Microsoft was not reacting to pressure from the European Commission or anyone else when it decided to commit to a set of interoperability principles designed to increase the openness of its high-volume products.
So said Horacio Gutierrez, vice president of intellectual property and licensing for Microsoft, in an interview with eWEEK following the company’s Feb. 21 media teleconference announcing the move.
Microsoft recognizes that many people are skeptical of the move, but the company is confident that people will look at its actions as well as its words, Gutierrez said.
“We are not doing this because we are being forced to, we are doing this voluntarily. We are also not just stating a number of principles, but we are immediately acting to implement those principles,” he said.
But to Chris Swenson, director of software industry analysis at the NPD Group, the move is clearly designed to address some of Microsoft’s current and potential legal issues.
“I think this in an important strategic move by Microsoft, one that may mitigate the damage in one antitrust trial and possibly forestall another before it gets off the ground. But I really think Microsoft should be commended for taking such steps,” Swenson said. “Going forward, this program should put to rest competitors’ claims that Microsoft is preventing their solutions from functioning properly.”
Microsoft Watch Editor Joe Wilcox found the timing of the announcement “suspicious” given the potential public relations boost Microsoft could get from it, about a week before a key vote will determine whether or not ISO (International Organization for Standardization) will adopt Microsoft’s Office file format as a standard.
“The principles also aren’t really new-the European Union’s Competition Commission required the principles’ framework, in response to Microsoft’s March 2004 adverse antitrust ruling,” Wilcox said in a Microsoft Watch post.
But while Microsoft’s Gutierrez said it is normal for people to be skeptical, Gutierrez said the company made this move on its own terms because it realized that this was “the responsible thing to do at this point” based on what it had learned from partners, customers and regulators over the years.
Michael Cunningham, general counsel at Linux vendor and Microsoft competitor Red Hat, said he had heard it all before and that he viewed Microsoft’s latest move with a healthy dose of skepticism.
Gutierrez acknowledged that Microsoft would need time to get things right on the specifications front, as many of these were works in progress.
“For some of these specifications, which are essentially beta versions, we will learn, and they may initially not be as good as the ultimate version that emerges, but that is the nature of creating specifications from scratch when they were nonexistent before,” Gutierrez said.
Bill Hilf, Microsoft’s general manager of Windows Server marketing and platform strategy, told eWEEK during the same interview that Microsoft’s move to embrace openness and interoperability is not mere PR magic or a marketing campaign, but rather represents a substantial change to what the company had been doing all the way from software design to leadership across the firm.

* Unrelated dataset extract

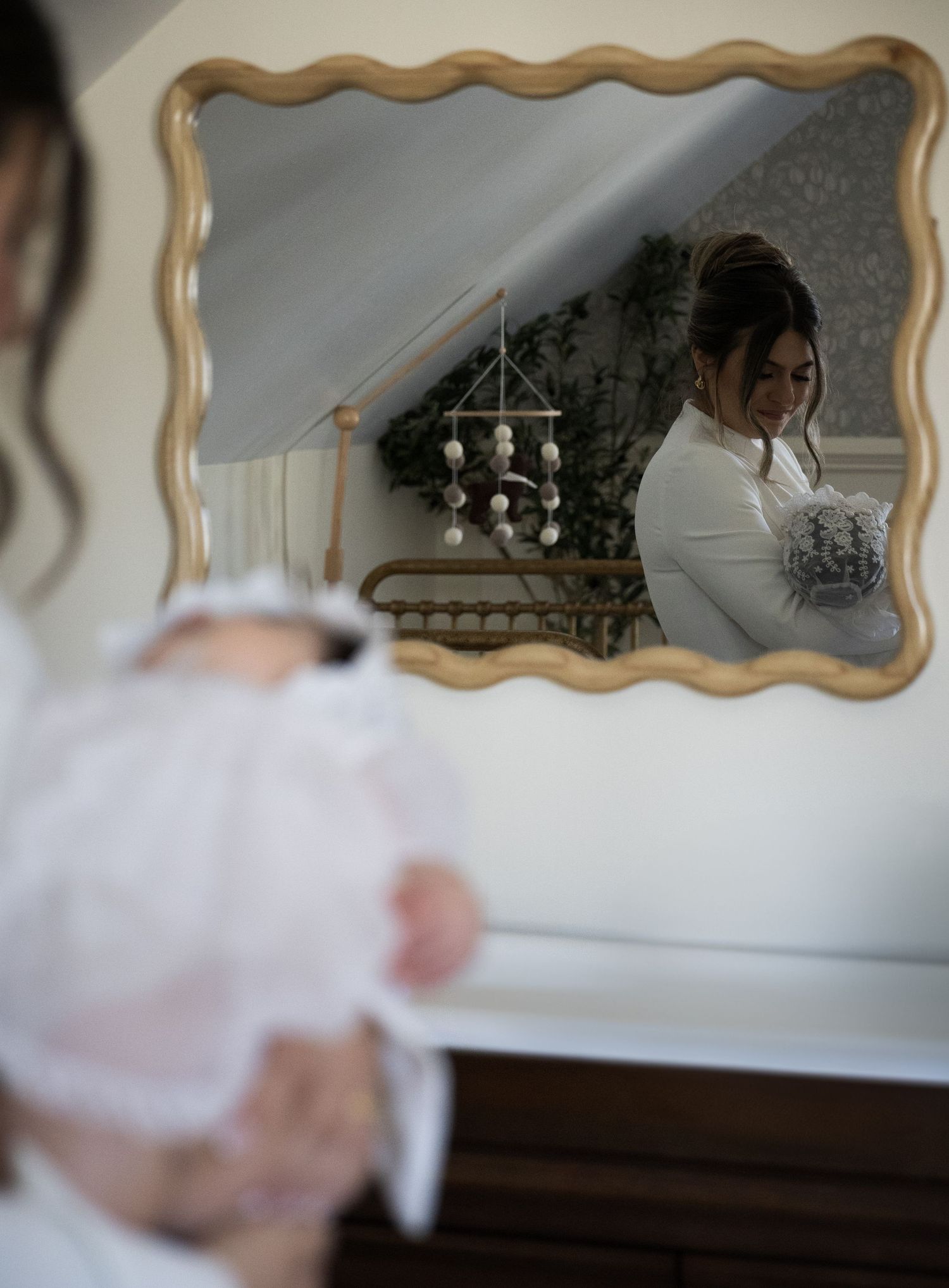 Mother holding baby in white christening gown reflected in ornate gold-framed mirror in nursery room.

Read more here about the extent of Microsoft’s support for open standards.
“I would challenge anyone to find another commercial software vendor who is doing anything like this. Who else is providing all of their protocol and API information to the broad community in a completely accessible way? It really is a substantial change to the way that we, and I think the industry, is looking at opening up,” Hilf said.

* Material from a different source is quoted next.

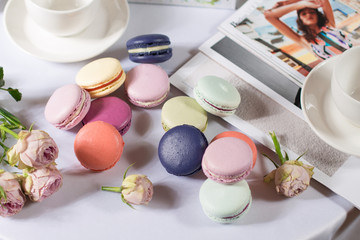French colorful macarons pastel color pasta on a white background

No other company is giving this same level of transparency or making this amount of its information available on its Web site, he said, adding, “If you are an open-source developer and want to find out where patent protocols are, so that you can work around them, you now can.”
He said Microsoft was hopeful that these moves would result in more people taking advantage of all the information it is making available and developing products that work better with its products and others in the marketplace.
“This enhances the entire ecosystem and thus benefits Microsoft and its shareholders,” Tom Robertson, Microsoft’s general manager of interoperability and standards, told eWEEK.